Question: In the phenomenon of interference, energy is: A. destroyed at bright fringes B. created at dark ...

Question

In the phenomenon of interference, energy is:
A. destroyed at bright fringes
B. created at dark fringes
C. conserved, but it is redistributed
D. same at all points

Answer 1

Solution

We know that for light waves, energy is considered in terms of light intensity. For solving this question, we will consider the total light intensities of two light sources before and after the interference.

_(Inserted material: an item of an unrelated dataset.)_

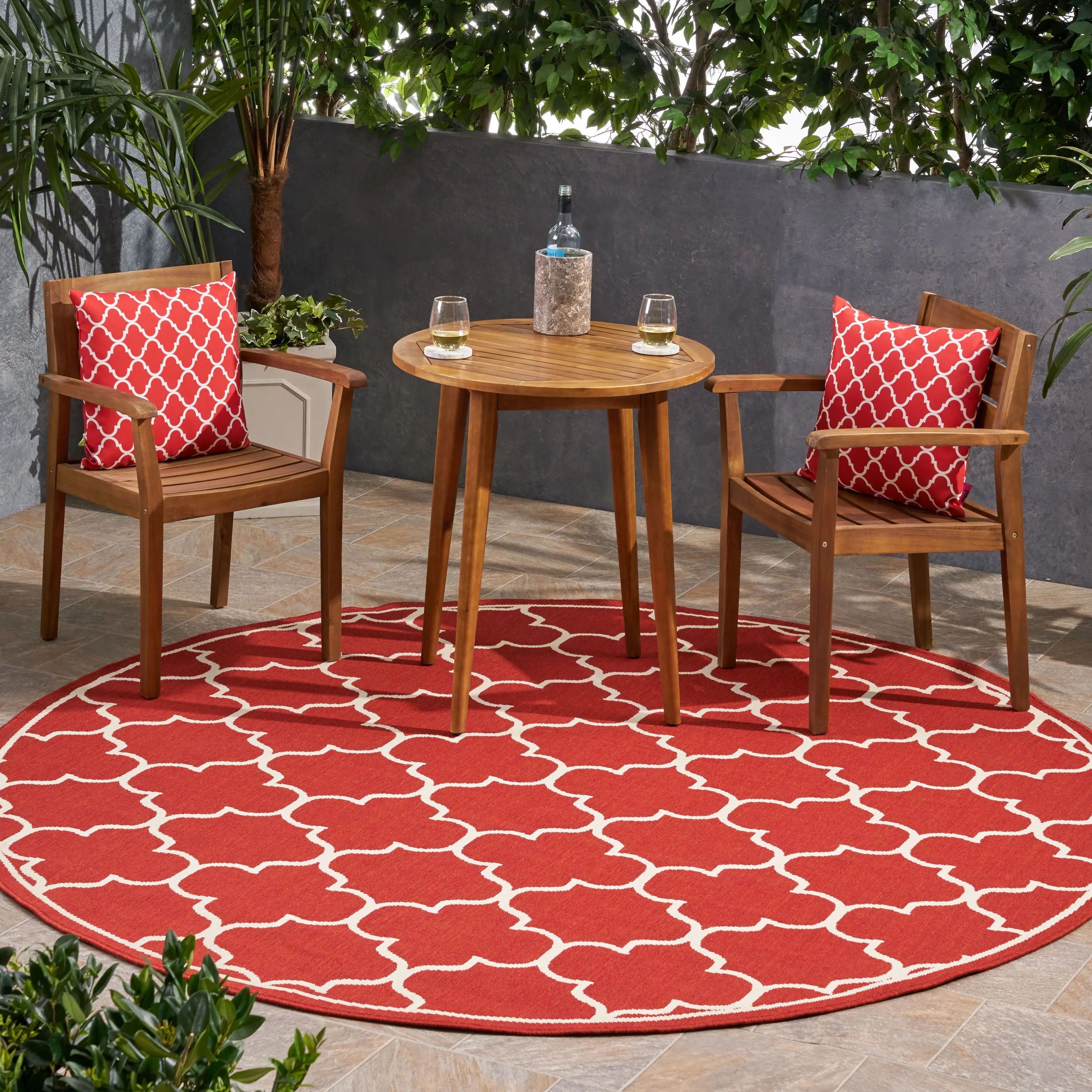 Ferncliffe Indoor/Outdoor Geometric Area Rug - furnishings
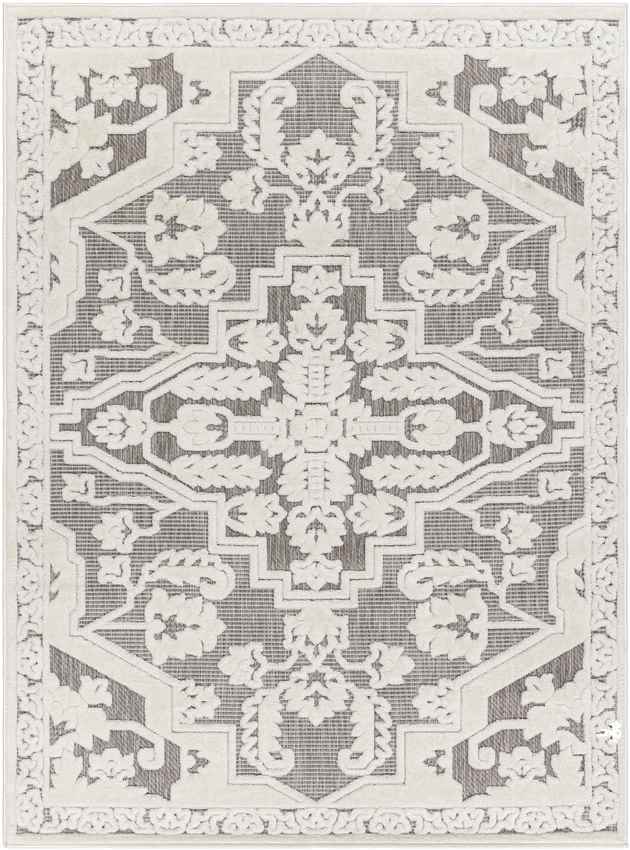 Castalia Modern Ivory/Light Brown Area Rug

Here, we will also use the relation between light intensity and its amplitude.

Formulas used:
$I = {A^2}$ , where, $I$ is the intensity of light and $A$ is the amplitude of the light wave
${I_{\max }} = {\left( {{A_1} + {A_2}} \right)^2}$ , where, ${I_{\max }}$ is maximum intensity of the light due to interference, ${A_1}$ is the amplitude of the first light source and ${A_2}$ is the amplitude of the second light source
${I_{\min }} = {\left( {{A_1} - {A_2}} \right)^2}$ , where, ${I_{\min }}$ is minimum intensity of the light due to interference, ${A_1}$ is the amplitude of the first light source and ${A_2}$ is the amplitude of the second light source
${I_{avg}} = \dfrac{{{I_{\max }} + {I_{\min }}}}{2}$ , where, ${I_{avg}}$ is the average intensity of the light due to interference, ${I_{\max }}$ is maximum intensity of the light due to interference and ${I_{\min }}$ is minimum intensity of the light due to interference

Complete step by step answer:
Let us consider two sources of light having intensities of ${I_1}$ and ${I_2}$ , and they emit the waves of amplitude ${A_1}$ and ${A_2}$ respectively.Now, initially there is no interference between these two waves. At this time, the intensity of light at any point will be
$I = {I_1} + {I_2}$
But, we know that $I = {A^2}$
$I = {A_1}^2 + {A_2}^2$
Now, we will consider the time when these two light sources interfere. Here, there will be maximum intensity and minimum intensity of light.
The maximum intensity is given by ${I_{\max }} = {\left( {{A_1} + {A_2}} \right)^2}$ and minimum intensity is given by ${I_{\min }} = {\left( {{A_1} - {A_2}} \right)^2}$
Therefore, average intensity of light because of interference is given by
${I_{avg}} = \dfrac{{{I_{\max }} + {I_{\min }}}}{2}$
$\Rightarrow {I_{avg}} = \dfrac{{{{\left( {{A_1} + {A_2}} \right)}^2} + {{\left( {{A_1} - {A_2}} \right)}^2}}}{2} = {A_1}^2 + {A_2}^2$
Thus, it can be clearly observed that total intensity before and after interference remains the same and is simply being redistributed. Thus, here no energy is created or destroyed which obeys the law of conservation of energy.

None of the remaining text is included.